Les investisseurs et les traders discutent vivement non seulement du sort du dollar dans les chats privés et publics ces jours-ci. Un autre sujet qui préoccupe tout le monde sans exception est l'avenir proche des marchés émergents. Et comme d'habitude au cours des deux dernières années, les opinions des investisseurs diffèrent radicalement.
Ainsi, l'un des principaux fonds de couverture mondiaux, qui a battu 99% de ses concurrents avec une position baissière sur les marchés émergents l'année dernière - le londonien Man Group Plc. - estime que la vente qui a commencé en février a renforcé la position des sceptiques, ce qui signifie que les actifs risqués subiront encore plus de pertes à la fin de cette année.
Déjà en février, les représentants du fonds ont déclaré que la hausse des marchés émergents entre octobre et janvier n'était pas justifiée par des facteurs économiques fondamentaux. Une position trop fragile des taureaux ne peut pas durer longtemps, ce qui signifie que les marchés vont chuter.
Le pronostic s'est bientôt confirmé : les obligations souveraines en dollars des marchés émergents ont entraîné des pertes pour les investisseurs de 2,2%, et l'indice de référence des actions des marchés émergents MSCI a depuis chuté de près de 7%.

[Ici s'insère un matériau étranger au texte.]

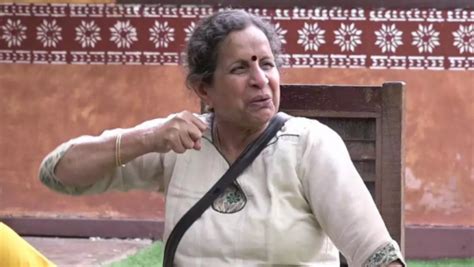 Bigg Boss Marathi: LOL! Evicted Contestant Usha Nadkarni Aka Aau Wants ...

Maintenant, les représentants de l'entreprise prolongent à nouveau leur prévision, la laissant en vigueur. Ils ont également admis que leur stratégie actuelle consiste en une défense sourde, qui a atteint de tels niveaux pour la première fois de l'histoire de l'entreprise.

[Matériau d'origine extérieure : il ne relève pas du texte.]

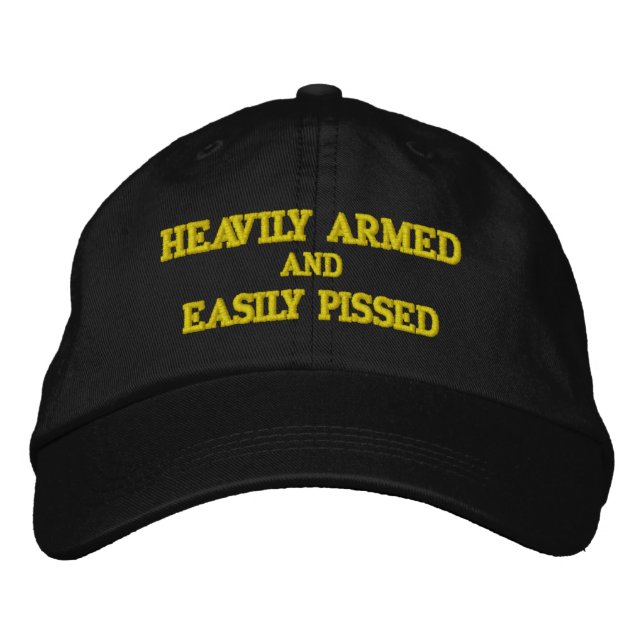 FORTEMENT ARMÉ et FACILEMENT PISÉ Casquette de bas (Devant)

En particulier, les analystes de Man Group ont consacré les deux prochains mois à une vente agressive en raison du fait que le risque a de nouveau augmenté au cours des périodes précédentes et que la plupart des rallyes ont déjà été épuisés. Maintenant, de nombreux grands investisseurs sont dans des positions très longues sur des actifs risqués avec une évaluation très basse, alors que les conditions de liquidité changent. Tout cela peut vraiment provoquer de grandes ventes dans tous les segments.
Les taureaux ne se rendent pas
Le point de vue baissier sur les marchés émergents de Man Group contraste avec l'optimisme des gestionnaires de fonds de Morgan Stanley Investment Management à Goldman Sachs, qui prédisent une "décennie de prospérité" pour les marchés émergents.
Il est ainsi connu que chez Morgan Stanley IM, les gestionnaires de fonds de clients d'un montant total de 1,3 billion de dollars retirent de l'argent des actions américaines pour étendre leur présence sur les marchés émergents. Selon eux, les actions des pays en développement ont une évaluation attrayante, et des économies telles que l'Inde sont orientées vers une croissance plus élevée que les États-Unis.
La position de Man Group a beaucoup de sens car elle repose principalement sur la réduction des liquidités du ministère des Finances américain depuis fin octobre, ce qui, selon eux, équivaut à une injection massive de liquidités que les investisseurs ne voient pas. Et avec la menace d'atteindre le plafond de la dette publique, tout semble encore plus tendu.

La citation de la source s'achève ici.